Updates/deletes: today Arc is append-only (like most time-series systems). Updates/deletes are planned via “rewrite on retention”, meaning you’ll be able to apply corrections or retention windows by rewriting affected partitions.
The current focus is on predictable write throughput and analytical query performance, but schema evolution and partial rewrites are definitely on the roadmap.
Arc Browser, Arc Prize, Arc Institute and now the Arc Warehouse
I am afraid “Arc” became too fashionable this decade and using it might decrease brand visibility
Did you consider confusion with the Arc browser and still go with the name, or were you calling this Arc first and decided to just stick with it?
Hey, good question!
I didn’t really worry about confusion since this isn’t a browser, it’s a completely different animal.
The name actually came from “Ark”, as in something that stores and carries, but I decided to go with Arc to avoid sounding too biblical.
The deeper reason is that Arc isn’t just about ingestion; it’s designed to store data long-term for other databases like InfluxDB, Timescale, or Kafka using Parquet and S3-style backends that scale economically while still letting you query everything with SQL.
The browser is dead anyway
Didn't that browser get mothballed by its devs?
I'll try this right now. I'm looking to self-host duckdb because MotherDuck is way too expensive.
Awesome, would love to hear what you think once you try it out!
If it’s not too much trouble, feel free to share feedback at ignacio [at] basekick [dot] net.
> Arc Core is designed with MinIO as the primary storage backend
Noticing that all the benchmarking is being done with MinIO which I presume is also running alongside/locally so there is no latency and it will be roughly as fast as whatever underlying disk its operating from.
Are there any benchmarks for using actual S3 as the storage layer?
How does Arc decide what to keep hot and local? TTL based? Frequency of access based?
We're going to be evaluating Clickhouse with this sort of hot (local), cold (S3) configuration soon (https://clickhouse.com/docs/guides/separation-storage-comput...) but would like to evaluate other platforms if they are relevant.
Hey there, great questions.
The benchmarks weren’t run on the same machine as MinIO, but on the same network, connected over a 1 Gbps switch, so there’s a bit of real network latency, though still close to local-disk performance.
We’ve also tried a true remote setup before (compute around ~160 ms away from AWS S3). I plan to rerun that scenario soon and publish the updated results for transparency.

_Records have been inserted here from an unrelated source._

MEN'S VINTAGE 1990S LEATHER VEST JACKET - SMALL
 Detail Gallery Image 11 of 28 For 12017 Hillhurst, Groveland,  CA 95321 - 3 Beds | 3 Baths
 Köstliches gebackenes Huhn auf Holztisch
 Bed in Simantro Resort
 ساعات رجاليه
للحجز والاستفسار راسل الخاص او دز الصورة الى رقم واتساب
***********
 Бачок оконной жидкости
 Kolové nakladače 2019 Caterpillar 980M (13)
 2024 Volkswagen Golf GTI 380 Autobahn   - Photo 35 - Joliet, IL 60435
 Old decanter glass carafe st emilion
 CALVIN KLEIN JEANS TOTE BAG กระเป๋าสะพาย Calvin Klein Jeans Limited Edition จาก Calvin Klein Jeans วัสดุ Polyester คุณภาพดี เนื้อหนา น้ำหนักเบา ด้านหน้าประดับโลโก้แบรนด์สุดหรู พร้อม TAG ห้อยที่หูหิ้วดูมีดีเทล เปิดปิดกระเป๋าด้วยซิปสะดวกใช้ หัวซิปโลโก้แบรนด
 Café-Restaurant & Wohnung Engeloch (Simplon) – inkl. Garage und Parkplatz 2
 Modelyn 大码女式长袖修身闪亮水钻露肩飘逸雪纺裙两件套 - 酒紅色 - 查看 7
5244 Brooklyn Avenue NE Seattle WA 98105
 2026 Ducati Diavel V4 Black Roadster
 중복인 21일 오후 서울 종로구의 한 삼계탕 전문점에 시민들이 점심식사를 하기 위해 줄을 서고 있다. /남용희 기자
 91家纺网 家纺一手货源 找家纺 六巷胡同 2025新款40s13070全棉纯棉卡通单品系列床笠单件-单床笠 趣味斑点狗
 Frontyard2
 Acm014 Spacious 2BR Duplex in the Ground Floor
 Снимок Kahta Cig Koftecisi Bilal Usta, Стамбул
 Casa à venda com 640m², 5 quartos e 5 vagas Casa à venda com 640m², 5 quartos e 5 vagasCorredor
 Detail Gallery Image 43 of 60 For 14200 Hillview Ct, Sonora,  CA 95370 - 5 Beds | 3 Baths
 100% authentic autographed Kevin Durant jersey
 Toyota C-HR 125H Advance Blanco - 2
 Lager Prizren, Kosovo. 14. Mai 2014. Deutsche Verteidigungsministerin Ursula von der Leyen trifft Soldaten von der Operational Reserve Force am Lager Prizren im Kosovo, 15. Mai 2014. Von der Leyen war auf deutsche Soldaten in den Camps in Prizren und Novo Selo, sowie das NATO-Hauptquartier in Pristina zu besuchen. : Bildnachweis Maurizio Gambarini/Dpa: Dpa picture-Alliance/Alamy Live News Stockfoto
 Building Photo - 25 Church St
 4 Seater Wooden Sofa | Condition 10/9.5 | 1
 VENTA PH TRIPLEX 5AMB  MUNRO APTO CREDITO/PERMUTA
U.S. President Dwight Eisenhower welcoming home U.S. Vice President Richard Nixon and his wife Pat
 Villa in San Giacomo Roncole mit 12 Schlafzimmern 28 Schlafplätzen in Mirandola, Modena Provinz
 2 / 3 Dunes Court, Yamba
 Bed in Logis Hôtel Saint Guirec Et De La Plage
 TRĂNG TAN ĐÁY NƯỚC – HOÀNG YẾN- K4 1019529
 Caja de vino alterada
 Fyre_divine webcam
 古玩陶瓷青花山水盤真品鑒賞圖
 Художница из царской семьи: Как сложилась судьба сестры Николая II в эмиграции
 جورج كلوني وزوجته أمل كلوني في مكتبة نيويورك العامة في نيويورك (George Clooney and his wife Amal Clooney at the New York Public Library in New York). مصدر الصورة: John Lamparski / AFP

Regarding “hot vs. cold” data, Arc doesn’t maintain separate tiers in the traditional sense. All data lives in the S3-compatible storage (MinIO or AWS S3), and we rely on caching for repeated query patterns instead of a separate local tier.
In practice, Arc performs better than ClickHouse when using S3 as the primary storage layer. ClickHouse can scan faster in pure analytical workloads, but Arc tends to outperform it on time-range–based queries (typical in observability and IoT).
I’ll post the new benchmark numbers in the next few days, they should give a clearer picture of the trade-offs.